Every record shown here needs to be repeated exactly.

*** Opening DATA EXCERPTS ***

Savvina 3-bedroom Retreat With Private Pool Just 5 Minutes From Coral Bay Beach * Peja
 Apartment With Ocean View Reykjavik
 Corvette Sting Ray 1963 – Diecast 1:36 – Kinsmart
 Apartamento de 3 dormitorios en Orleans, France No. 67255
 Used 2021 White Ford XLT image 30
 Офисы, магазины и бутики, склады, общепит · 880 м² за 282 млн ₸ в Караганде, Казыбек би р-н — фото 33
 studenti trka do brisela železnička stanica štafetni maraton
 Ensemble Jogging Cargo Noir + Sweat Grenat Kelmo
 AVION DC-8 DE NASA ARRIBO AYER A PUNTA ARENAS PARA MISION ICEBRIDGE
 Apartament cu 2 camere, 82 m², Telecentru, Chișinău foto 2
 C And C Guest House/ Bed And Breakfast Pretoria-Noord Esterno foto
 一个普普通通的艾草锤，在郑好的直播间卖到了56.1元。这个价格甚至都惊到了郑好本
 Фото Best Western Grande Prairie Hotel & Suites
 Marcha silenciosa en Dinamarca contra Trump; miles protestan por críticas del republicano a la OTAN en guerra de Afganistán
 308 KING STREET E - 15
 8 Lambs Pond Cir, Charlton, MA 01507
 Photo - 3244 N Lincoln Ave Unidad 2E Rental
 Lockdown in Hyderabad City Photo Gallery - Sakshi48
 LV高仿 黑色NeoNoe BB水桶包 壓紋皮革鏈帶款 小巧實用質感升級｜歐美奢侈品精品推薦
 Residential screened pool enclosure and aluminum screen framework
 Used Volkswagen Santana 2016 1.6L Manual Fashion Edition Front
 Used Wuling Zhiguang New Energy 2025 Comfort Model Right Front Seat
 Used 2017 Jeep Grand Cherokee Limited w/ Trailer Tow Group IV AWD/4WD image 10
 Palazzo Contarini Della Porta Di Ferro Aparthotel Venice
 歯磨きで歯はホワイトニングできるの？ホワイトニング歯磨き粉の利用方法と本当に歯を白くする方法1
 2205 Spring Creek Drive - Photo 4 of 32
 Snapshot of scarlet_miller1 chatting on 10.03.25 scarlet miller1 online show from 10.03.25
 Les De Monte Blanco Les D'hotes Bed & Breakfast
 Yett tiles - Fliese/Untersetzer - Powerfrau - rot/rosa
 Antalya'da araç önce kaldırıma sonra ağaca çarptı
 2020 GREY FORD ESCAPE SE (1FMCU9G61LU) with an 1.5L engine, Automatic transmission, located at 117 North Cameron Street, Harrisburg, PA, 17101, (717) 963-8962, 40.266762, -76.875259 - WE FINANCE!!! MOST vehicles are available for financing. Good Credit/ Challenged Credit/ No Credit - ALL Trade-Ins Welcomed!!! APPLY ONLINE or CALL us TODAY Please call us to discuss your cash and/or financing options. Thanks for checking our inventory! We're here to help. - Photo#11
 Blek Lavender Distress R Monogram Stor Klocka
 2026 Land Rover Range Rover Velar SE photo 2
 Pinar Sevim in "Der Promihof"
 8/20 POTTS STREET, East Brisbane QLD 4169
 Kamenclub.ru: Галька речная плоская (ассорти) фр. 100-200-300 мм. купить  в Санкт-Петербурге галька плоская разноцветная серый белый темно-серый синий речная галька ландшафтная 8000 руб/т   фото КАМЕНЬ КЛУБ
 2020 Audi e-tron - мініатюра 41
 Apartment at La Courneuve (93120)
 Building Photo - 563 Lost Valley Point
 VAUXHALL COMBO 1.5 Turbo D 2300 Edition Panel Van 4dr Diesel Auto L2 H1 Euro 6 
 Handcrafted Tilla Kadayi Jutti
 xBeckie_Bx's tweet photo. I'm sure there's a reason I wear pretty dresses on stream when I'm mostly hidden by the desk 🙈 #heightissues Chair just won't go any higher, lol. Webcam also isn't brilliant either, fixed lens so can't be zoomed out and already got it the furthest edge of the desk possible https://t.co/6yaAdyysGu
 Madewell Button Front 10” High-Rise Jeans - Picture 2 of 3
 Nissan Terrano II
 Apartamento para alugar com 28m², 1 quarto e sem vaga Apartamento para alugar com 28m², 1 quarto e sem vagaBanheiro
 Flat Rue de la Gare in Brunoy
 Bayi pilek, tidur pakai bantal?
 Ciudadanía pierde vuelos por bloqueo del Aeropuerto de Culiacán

*** Closing DATA EXCERPTS ***

## [RESPONSE FOR THIS EXERCISE]
Savvina 3-bedroom Retreat With Private Pool Just 5 Minutes From Coral Bay Beach * Peja
 Apartment With Ocean View Reykjavik
 Corvette Sting Ray 1963 – Diecast 1:36 – Kinsmart
 Apartamento de 3 dormitorios en Orleans, France No. 67255
 Used 2021 White Ford XLT image 30
 Офисы, магазины и бутики, склады, общепит · 880 м² за 282 млн ₸ в Караганде, Казыбек би р-н — фото 33
 studenti trka do brisela železnička stanica štafetni maraton
 Ensemble Jogging Cargo Noir + Sweat Grenat Kelmo
 AVION DC-8 DE NASA ARRIBO AYER A PUNTA ARENAS PARA MISION ICEBRIDGE
 Apartament cu 2 camere, 82 m², Telecentru, Chișinău foto 2
 C And C Guest House/ Bed And Breakfast Pretoria-Noord Esterno foto
 一个普普通通的艾草锤，在郑好的直播间卖到了56.1元。这个价格甚至都惊到了郑好本
 Фото Best Western Grande Prairie Hotel & Suites
 Marcha silenciosa en Dinamarca contra Trump; miles protestan por críticas del republicano a la OTAN en guerra de Afganistán
 308 KING STREET E - 15
 8 Lambs Pond Cir, Charlton, MA 01507
 Photo - 3244 N Lincoln Ave Unidad 2E Rental
 Lockdown in Hyderabad City Photo Gallery - Sakshi48
 LV高仿 黑色NeoNoe BB水桶包 壓紋皮革鏈帶款 小巧實用質感升級｜歐美奢侈品精品推薦
 Residential screened pool enclosure and aluminum screen framework
 Used Volkswagen Santana 2016 1.6L Manual Fashion Edition Front
 Used Wuling Zhiguang New Energy 2025 Comfort Model Right Front Seat
 Used 2017 Jeep Grand Cherokee Limited w/ Trailer Tow Group IV AWD/4WD image 10
 Palazzo Contarini Della Porta Di Ferro Aparthotel Venice
 歯磨きで歯はホワイトニングできるの？ホワイトニング歯磨き粉の利用方法と本当に歯を白くする方法1
 2205 Spring Creek Drive - Photo 4 of 32
 Snapshot of scarlet_miller1 chatting on 10.03.25 scarlet miller1 online show from 10.03.25
 Les De Monte Blanco Les D'hotes Bed & Breakfast
 Yett tiles - Fliese/Untersetzer - Powerfrau - rot/rosa
 Antalya'da araç önce kaldırıma sonra ağaca çarptı
 2020 GREY FORD ESCAPE SE (1FMCU9G61LU) with an 1.5L engine, Automatic transmission, located at 117 North Cameron Street, Harrisburg, PA, 17101, (717) 963-8962, 40.266762, -76.875259 - WE FINANCE!!! MOST vehicles are available for financing. Good Credit/ Challenged Credit/ No Credit - ALL Trade-Ins Welcomed!!! APPLY ONLINE or CALL us TODAY Please call us to discuss your cash and/or financing options. Thanks for checking our inventory! We're here to help. - Photo#11
 Blek Lavender Distress R Monogram Stor Klocka
 2026 Land Rover Range Rover Velar SE photo 2
 Pinar Sevim in "Der Promihof"
 8/20 POTTS STREET, East Brisbane QLD 4169
 Kamenclub.ru: Галька речная плоская (ассорти) фр. 100-200-300 мм. купить  в Санкт-Петербурге галька плоская разноцветная серый белый темно-серый синий речная галька ландшафтная 8000 руб/т   фото КАМЕНЬ КЛУБ
 2020 Audi e-tron - мініатюра 41
 Apartment at La Courneuve (93120)
 Building Photo - 563 Lost Valley Point
 VAUXHALL COMBO 1.5 Turbo D 2300 Edition Panel Van 4dr Diesel Auto L2 H1 Euro 6 
 Handcrafted Tilla Kadayi Jutti
 xBeckie_Bx's tweet photo. I'm sure there's a reason I wear pretty dresses on stream when I'm mostly hidden by the desk 🙈 #heightissues Chair just won't go any higher, lol. Webcam also isn't brilliant either, fixed lens so can't be zoomed out and already got it the furthest edge of the desk possible https://t.co/6yaAdyysGu
 Madewell Button Front 10” High-Rise Jeans - Picture 2 of 3
 Nissan Terrano II
 Apartamento para alugar com 28m², 1 quarto e sem vaga Apartamento para alugar com 28m², 1 quarto e sem vagaBanheiro
 Flat Rue de la Gare in Brunoy
 Bayi pilek, tidur pakai bantal?
 Ciudadanía pierde vuelos por bloqueo del Aeropuerto de Culiacán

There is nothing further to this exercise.